# Tutorial #2: How to query data from BigQuery in a Notebook

**Welcome to part II of our tutorials designed for participants in the IronHacks. In this second notebook (part II), we will show you how you can access our training data stored in BigQuery using a key stored in your user profile.**

**Before you get started**: This tutorial will not take more than 10 minutes and you should have the basic skill sets to work with the datasets thereafter. 

**Our goal**: Help you get started with the Python BigQuery Library, Python Pandas Library and Python Numpy Library in order to access a first temporal dataset stored in BigQuery! So if you have never used these libraries before this tutorial is critical for you.

# BigQuery - What's that?

BigQuery is Google's flagship data warehousing system: "Serverless, highly scalable, and cost-effective multi-cloud data warehouse designed for business agility". It allows you to analyze large amount of data using ANSI SQL at blazing-fast speeds, with zero operational overhead. You can find out more it at https://cloud.google.com/bigquery

**Why do we use BigQuery?** In the Unemployment Data Science Challenges you will use BIG DATA from our data provider, the Department of Workforce Development (DWD). Using Big Query will be very helpful as you can explore data without having to use them in memory etc. It will also set you up for the future of data science since BigQuery is replacing other BIG DATA services (e.g. Spark).

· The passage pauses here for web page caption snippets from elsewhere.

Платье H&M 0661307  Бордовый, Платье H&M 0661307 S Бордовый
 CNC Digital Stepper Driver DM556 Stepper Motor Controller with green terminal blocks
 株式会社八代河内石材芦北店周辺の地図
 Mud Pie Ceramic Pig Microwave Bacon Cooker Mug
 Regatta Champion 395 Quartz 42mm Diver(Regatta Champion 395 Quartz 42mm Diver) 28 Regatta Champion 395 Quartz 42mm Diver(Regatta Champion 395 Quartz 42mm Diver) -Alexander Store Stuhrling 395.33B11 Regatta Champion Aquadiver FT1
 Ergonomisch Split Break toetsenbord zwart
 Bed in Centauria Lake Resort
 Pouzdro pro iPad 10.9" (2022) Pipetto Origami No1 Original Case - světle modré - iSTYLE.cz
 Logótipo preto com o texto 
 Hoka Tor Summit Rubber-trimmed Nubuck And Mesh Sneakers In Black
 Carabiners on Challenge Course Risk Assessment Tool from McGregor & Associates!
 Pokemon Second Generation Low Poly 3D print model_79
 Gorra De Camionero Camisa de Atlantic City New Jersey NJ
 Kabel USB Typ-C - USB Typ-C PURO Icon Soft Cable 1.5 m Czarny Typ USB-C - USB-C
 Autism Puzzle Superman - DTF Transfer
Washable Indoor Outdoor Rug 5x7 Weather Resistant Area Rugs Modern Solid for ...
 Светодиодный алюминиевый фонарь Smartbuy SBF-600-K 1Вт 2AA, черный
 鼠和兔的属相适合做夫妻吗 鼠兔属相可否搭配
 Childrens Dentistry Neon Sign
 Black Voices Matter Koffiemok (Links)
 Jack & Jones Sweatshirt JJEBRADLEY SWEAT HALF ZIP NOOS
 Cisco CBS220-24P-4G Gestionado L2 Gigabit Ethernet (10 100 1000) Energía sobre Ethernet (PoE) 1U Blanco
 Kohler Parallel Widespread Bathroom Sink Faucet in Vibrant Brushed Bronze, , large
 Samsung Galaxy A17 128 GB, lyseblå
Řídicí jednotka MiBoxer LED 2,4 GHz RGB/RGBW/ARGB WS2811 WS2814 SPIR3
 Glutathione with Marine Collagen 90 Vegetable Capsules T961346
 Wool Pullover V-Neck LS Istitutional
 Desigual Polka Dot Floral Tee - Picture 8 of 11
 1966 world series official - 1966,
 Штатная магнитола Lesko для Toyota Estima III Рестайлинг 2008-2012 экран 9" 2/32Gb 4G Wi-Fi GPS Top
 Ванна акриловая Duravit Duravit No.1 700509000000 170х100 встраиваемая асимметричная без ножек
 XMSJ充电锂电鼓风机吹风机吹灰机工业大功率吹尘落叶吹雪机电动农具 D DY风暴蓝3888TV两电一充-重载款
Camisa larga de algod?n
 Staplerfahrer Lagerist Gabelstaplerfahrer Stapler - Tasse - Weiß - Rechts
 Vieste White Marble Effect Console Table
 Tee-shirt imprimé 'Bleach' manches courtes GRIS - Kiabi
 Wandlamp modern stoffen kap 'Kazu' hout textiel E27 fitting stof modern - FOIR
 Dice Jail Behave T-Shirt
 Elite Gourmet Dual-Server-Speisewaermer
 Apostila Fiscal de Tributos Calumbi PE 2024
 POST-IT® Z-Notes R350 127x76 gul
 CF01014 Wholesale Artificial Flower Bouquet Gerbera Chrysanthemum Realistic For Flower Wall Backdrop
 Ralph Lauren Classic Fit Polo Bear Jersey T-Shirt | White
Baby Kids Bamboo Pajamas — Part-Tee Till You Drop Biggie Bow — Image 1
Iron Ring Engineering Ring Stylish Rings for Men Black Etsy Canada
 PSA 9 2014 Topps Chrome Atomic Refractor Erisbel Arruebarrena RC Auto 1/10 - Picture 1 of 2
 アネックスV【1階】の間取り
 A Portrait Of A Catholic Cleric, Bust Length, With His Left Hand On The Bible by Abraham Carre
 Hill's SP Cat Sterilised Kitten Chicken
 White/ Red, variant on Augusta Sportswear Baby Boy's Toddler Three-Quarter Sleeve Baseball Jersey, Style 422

**How do we give you access to BigQuery?** In Big Query data are stored in projects. Inside a project there are multiple datasets. Each dataset can contain multiple tables. In this hack we give you access to a project called: `ironhacks-data`. In this project there are two datasets:`ironhacks-data:ironhacks_training` and `ironhacks-data:ironhacks_competition`. During the training period you will only find data in the first dataset. In this first tutorial we only use one first relatively simply structured table stored in this dataset. It is called `covid19_cases`

**Keep in mind**: In this tutorial you will learn how to get access to the ironhacks-covid19-data and the datset ironhacks-covid19-data:ironhacks_covid19_training stored inside this project.

**What's BigQuery**: Google Cloud Big Query package allows you to query data stored in BigQuery You can find the official documentation [here](https://googleapis.dev/python/bigquery/latest/index.html)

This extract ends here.